Delicious green Tomatillo Sauce made simple and in under 20 minutes. Pour it over any of your favorite tacos, in your bean and cheese, sauce to green chilaquiles and chicken enchiladas, or with your favorite guisados (stews). Its tangy taste is a delightful favorite in Mexican cuisine.
Remove husk from green tomatillos and rinse thoroughly to remove any debris from tomatillos.
Place tomatillos and water in a small boiling pot, and turn stove to medium heat, set timer and let cook for about 10-12 minutes.
Once tomatillos are tender and cooked (you should be able to pierce right through them with a fork), turn stove off and let pot cool for 5 minutes before transferring into a blender.
Carefully transfer tomatillos only (optional to use remaining juices from pot into blender). Add 1/2 cup water, onion, chili pepper, garlic, salt, and blend for 10-15 seconds. The longer you blender the more liquefied and smoother your green salsa will be.

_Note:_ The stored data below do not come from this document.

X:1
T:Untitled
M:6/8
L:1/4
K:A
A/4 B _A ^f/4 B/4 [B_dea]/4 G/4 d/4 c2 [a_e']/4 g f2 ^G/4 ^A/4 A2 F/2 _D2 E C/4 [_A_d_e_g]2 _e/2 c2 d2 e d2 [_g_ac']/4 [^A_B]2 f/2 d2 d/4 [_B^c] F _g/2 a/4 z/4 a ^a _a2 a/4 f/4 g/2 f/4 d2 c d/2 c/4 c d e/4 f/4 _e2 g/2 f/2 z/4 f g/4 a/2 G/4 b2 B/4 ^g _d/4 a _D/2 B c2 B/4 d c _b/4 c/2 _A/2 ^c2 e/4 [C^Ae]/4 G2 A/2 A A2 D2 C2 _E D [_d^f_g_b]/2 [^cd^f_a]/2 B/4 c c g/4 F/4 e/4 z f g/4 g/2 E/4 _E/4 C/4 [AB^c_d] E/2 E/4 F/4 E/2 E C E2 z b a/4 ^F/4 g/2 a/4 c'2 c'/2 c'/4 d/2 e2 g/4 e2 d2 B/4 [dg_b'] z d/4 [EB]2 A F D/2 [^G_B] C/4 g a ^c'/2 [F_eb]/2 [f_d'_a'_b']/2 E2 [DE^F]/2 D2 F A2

Pour salsa into a glass or ceramic bowl large enough to yield 2 cups.
Notes
Recipe yield: 2 cups Tomatillo Sauce.Storage: Properly stored and covered salsa will last 1 week in the refrigerator.Freezer: Since this salsa is a smooth green sauce it can be stored in a freezer safe bag or container for up to 6-8 weeks (Flip tip: future tomatillo sauce enchiladas).Spice level: For more spice, use serrano. It is spicier and gives a nice punch to the green sauce recipe.This recipe can also be made with Tomatillo Milpero. Which is a small tomatillo that is usually a bit less tart. I love this tomatillo when it's harvested. It comes in green and purple hues. If you spot it, try it!Ways to flip: Made a large batch, and froze some too? I'll name a few ways to use up your green sauce. Tomatillo sauce enchiladas, over eggs for huevos rancheros, green chilaquiles, migas, chile verde guisado, warm green sauce over chicken taquitos, doused over avocado toast, and more!This versatile tomatillo salsa is used all year long in cuisine.Lime: Squeeze a lime into your serving for extra tangy taste. A favorite on cold mariscos (seafood) and fresh cucumber and sliced veggies.Avocado: Medium chopped chunks of avocado in this salsa take it to the next level and add a creaminess to every bite.